LA MALADIE DE SACHS d'après le roman de Marc Winckler. Mise en scène Delphine Lefranc. Avec Thomas Ailhaud, Julien Donnot, Delphine Lefranc, Mathilde Pous.
Au centre d'un espace scénique très dépouillé, une longue table se fera alternativement table d'examen médical ou de repas, lieu de sommeil et d'ébats. A ses côtés, le docteur Sachs, aussi dépouillé que les lieux qu'il hante de son silence attentif, se montre prévenant comme une éponge à l'immense douleur plurielle dont ses multiples patients l'investissent. Si peu bavard, sauf dans quelques envolées amères où explose le trop-plein de sa souffrance impuissante. Il évolue, quasi mutique, dans le flot ininterrompu des paroles off, qui le « racontent » et le décrivent à la deuxième personne du singulier, dans la noria des patients rapides qui viennent le cerner, de ceux et celles qui l'agressent, le molestent verbalement, lui crient leur dépit ou leur méfiance, qui attendent tant de sa bienveillance par gestes et regards. Le contraste est saisissant entre la sobriété de sa parole et les autres mots qui vibrionnent, entre l'épaisseur du silence de certaines scènes à la limite du mime et la gravité qu'elles suggèrent ou montrent avec une extrême pudeur.

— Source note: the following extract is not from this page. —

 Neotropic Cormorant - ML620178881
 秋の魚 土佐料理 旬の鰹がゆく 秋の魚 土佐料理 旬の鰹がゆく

L'atmosphère est chargée de douleur et de deuil, d'impossibilité à dire simplement qu'on aime, à assumer ses désirs les plus profondément enfouis, comme un poison insidieux qui envahit tout, mais est heureusement contrebalancé par le bon sens et l'évidence des sentiments qui osent se dire.
La mise en théâtre d'un médecin de campagne confronté à des sujets aussi graves, vieillesse, souffrance, solitude, violence diverse, dans la trivialité de leur quotidien, rend d'autant plus pertinent le constat d'échec répété d'une médecine qui prend trop souvent des biais dilatoires faute de pouvoir soigner sa propre impuissance à soigner la misère environnante.
Thomas Ailhaud campe avec grande sobriété émue le docteur Sachs, environné avec efficacité et pertinence par ses trois complices en douleurs et en rires parsemés, qui interprètent la galerie de tous les possibles.
On n'en sort pas indemne. Et c'est la marque d'un théâtre qui remplit au mieux sa mission de « donner à voir ». A D. Théâtre des Déchargeurs 1er.